Print the complete set of entries exactly.

**Supplied entries:**
_ _ _ _ _ _ _

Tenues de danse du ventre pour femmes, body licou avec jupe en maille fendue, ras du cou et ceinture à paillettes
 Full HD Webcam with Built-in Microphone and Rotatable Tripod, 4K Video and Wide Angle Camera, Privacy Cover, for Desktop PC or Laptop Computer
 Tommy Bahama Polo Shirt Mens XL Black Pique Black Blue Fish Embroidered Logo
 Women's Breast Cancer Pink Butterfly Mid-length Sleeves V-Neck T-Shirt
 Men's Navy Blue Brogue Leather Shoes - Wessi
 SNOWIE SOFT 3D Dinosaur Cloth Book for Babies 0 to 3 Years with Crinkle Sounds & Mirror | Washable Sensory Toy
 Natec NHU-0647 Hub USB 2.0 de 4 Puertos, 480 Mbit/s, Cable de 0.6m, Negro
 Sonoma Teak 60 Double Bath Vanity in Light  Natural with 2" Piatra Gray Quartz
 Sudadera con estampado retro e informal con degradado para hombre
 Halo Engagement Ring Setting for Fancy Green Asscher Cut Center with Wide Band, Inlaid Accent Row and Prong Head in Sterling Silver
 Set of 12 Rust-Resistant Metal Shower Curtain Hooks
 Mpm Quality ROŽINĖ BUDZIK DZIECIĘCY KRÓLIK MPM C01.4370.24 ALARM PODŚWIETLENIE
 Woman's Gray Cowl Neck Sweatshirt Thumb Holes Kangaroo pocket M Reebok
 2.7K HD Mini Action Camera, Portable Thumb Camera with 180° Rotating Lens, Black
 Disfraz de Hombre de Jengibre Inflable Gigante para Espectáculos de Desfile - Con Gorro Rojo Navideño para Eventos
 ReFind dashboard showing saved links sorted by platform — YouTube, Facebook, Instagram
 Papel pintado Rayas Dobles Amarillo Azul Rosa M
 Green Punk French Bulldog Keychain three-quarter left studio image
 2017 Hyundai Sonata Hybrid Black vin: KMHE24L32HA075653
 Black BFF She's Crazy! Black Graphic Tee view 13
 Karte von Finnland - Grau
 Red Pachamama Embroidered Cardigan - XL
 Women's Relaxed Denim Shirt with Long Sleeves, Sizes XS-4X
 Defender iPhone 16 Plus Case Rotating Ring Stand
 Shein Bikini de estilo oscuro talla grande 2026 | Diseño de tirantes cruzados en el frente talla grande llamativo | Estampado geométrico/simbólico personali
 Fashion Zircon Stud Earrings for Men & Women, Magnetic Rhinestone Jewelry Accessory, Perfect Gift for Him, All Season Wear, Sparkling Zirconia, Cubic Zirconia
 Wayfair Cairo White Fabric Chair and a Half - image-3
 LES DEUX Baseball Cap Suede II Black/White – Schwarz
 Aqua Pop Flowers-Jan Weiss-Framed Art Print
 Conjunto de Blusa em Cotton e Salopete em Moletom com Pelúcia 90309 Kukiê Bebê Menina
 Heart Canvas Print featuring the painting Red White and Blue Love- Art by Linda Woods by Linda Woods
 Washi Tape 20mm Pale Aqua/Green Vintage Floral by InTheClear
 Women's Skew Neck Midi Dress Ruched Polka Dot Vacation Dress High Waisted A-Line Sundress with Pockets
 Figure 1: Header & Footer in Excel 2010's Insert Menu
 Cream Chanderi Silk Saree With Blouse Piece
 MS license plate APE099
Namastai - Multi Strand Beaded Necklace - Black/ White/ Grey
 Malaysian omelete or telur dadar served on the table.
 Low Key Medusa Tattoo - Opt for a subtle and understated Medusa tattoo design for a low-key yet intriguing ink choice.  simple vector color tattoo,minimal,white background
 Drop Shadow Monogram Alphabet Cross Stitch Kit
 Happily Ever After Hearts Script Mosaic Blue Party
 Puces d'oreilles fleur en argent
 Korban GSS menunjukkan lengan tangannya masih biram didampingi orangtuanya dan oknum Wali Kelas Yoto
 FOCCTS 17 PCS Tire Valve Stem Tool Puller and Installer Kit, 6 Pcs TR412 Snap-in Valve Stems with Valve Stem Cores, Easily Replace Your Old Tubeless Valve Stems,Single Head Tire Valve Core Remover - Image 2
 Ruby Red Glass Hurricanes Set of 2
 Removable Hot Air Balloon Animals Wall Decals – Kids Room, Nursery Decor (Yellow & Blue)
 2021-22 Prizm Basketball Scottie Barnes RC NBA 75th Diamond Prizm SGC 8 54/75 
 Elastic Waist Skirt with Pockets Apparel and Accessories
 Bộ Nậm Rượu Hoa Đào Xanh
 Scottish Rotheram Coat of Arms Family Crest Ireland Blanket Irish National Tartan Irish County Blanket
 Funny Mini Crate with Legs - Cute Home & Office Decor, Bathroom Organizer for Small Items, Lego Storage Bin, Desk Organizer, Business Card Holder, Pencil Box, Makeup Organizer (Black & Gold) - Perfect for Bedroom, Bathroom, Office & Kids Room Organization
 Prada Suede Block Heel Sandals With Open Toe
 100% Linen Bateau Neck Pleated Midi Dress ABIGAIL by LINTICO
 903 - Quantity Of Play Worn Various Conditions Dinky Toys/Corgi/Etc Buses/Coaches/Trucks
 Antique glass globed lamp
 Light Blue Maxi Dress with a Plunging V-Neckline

_ _ _ _ _ _ _

**Solution for this task:**
Tenues de danse du ventre pour femmes, body licou avec jupe en maille fendue, ras du cou et ceinture à paillettes
 Full HD Webcam with Built-in Microphone and Rotatable Tripod, 4K Video and Wide Angle Camera, Privacy Cover, for Desktop PC or Laptop Computer
 Tommy Bahama Polo Shirt Mens XL Black Pique Black Blue Fish Embroidered Logo
 Women's Breast Cancer Pink Butterfly Mid-length Sleeves V-Neck T-Shirt
 Men's Navy Blue Brogue Leather Shoes - Wessi
 SNOWIE SOFT 3D Dinosaur Cloth Book for Babies 0 to 3 Years with Crinkle Sounds & Mirror | Washable Sensory Toy
 Natec NHU-0647 Hub USB 2.0 de 4 Puertos, 480 Mbit/s, Cable de 0.6m, Negro
 Sonoma Teak 60 Double Bath Vanity in Light  Natural with 2" Piatra Gray Quartz
 Sudadera con estampado retro e informal con degradado para hombre
 Halo Engagement Ring Setting for Fancy Green Asscher Cut Center with Wide Band, Inlaid Accent Row and Prong Head in Sterling Silver
 Set of 12 Rust-Resistant Metal Shower Curtain Hooks
 Mpm Quality ROŽINĖ BUDZIK DZIECIĘCY KRÓLIK MPM C01.4370.24 ALARM PODŚWIETLENIE
 Woman's Gray Cowl Neck Sweatshirt Thumb Holes Kangaroo pocket M Reebok
 2.7K HD Mini Action Camera, Portable Thumb Camera with 180° Rotating Lens, Black
 Disfraz de Hombre de Jengibre Inflable Gigante para Espectáculos de Desfile - Con Gorro Rojo Navideño para Eventos
 ReFind dashboard showing saved links sorted by platform — YouTube, Facebook, Instagram
 Papel pintado Rayas Dobles Amarillo Azul Rosa M
 Green Punk French Bulldog Keychain three-quarter left studio image
 2017 Hyundai Sonata Hybrid Black vin: KMHE24L32HA075653
 Black BFF She's Crazy! Black Graphic Tee view 13
 Karte von Finnland - Grau
 Red Pachamama Embroidered Cardigan - XL
 Women's Relaxed Denim Shirt with Long Sleeves, Sizes XS-4X
 Defender iPhone 16 Plus Case Rotating Ring Stand
 Shein Bikini de estilo oscuro talla grande 2026 | Diseño de tirantes cruzados en el frente talla grande llamativo | Estampado geométrico/simbólico personali
 Fashion Zircon Stud Earrings for Men & Women, Magnetic Rhinestone Jewelry Accessory, Perfect Gift for Him, All Season Wear, Sparkling Zirconia, Cubic Zirconia
 Wayfair Cairo White Fabric Chair and a Half - image-3
 LES DEUX Baseball Cap Suede II Black/White – Schwarz
 Aqua Pop Flowers-Jan Weiss-Framed Art Print
 Conjunto de Blusa em Cotton e Salopete em Moletom com Pelúcia 90309 Kukiê Bebê Menina
 Heart Canvas Print featuring the painting Red White and Blue Love- Art by Linda Woods by Linda Woods
 Washi Tape 20mm Pale Aqua/Green Vintage Floral by InTheClear
 Women's Skew Neck Midi Dress Ruched Polka Dot Vacation Dress High Waisted A-Line Sundress with Pockets
 Figure 1: Header & Footer in Excel 2010's Insert Menu
 Cream Chanderi Silk Saree With Blouse Piece
 MS license plate APE099
Namastai - Multi Strand Beaded Necklace - Black/ White/ Grey
 Malaysian omelete or telur dadar served on the table.
 Low Key Medusa Tattoo - Opt for a subtle and understated Medusa tattoo design for a low-key yet intriguing ink choice.  simple vector color tattoo,minimal,white background
 Drop Shadow Monogram Alphabet Cross Stitch Kit
 Happily Ever After Hearts Script Mosaic Blue Party
 Puces d'oreilles fleur en argent
 Korban GSS menunjukkan lengan tangannya masih biram didampingi orangtuanya dan oknum Wali Kelas Yoto
 FOCCTS 17 PCS Tire Valve Stem Tool Puller and Installer Kit, 6 Pcs TR412 Snap-in Valve Stems with Valve Stem Cores, Easily Replace Your Old Tubeless Valve Stems,Single Head Tire Valve Core Remover - Image 2
 Ruby Red Glass Hurricanes Set of 2
 Removable Hot Air Balloon Animals Wall Decals – Kids Room, Nursery Decor (Yellow & Blue)
 2021-22 Prizm Basketball Scottie Barnes RC NBA 75th Diamond Prizm SGC 8 54/75 
 Elastic Waist Skirt with Pockets Apparel and Accessories
 Bộ Nậm Rượu Hoa Đào Xanh
 Scottish Rotheram Coat of Arms Family Crest Ireland Blanket Irish National Tartan Irish County Blanket
 Funny Mini Crate with Legs - Cute Home & Office Decor, Bathroom Organizer for Small Items, Lego Storage Bin, Desk Organizer, Business Card Holder, Pencil Box, Makeup Organizer (Black & Gold) - Perfect for Bedroom, Bathroom, Office & Kids Room Organization
 Prada Suede Block Heel Sandals With Open Toe
 100% Linen Bateau Neck Pleated Midi Dress ABIGAIL by LINTICO
 903 - Quantity Of Play Worn Various Conditions Dinky Toys/Corgi/Etc Buses/Coaches/Trucks
 Antique glass globed lamp
 Light Blue Maxi Dress with a Plunging V-Neckline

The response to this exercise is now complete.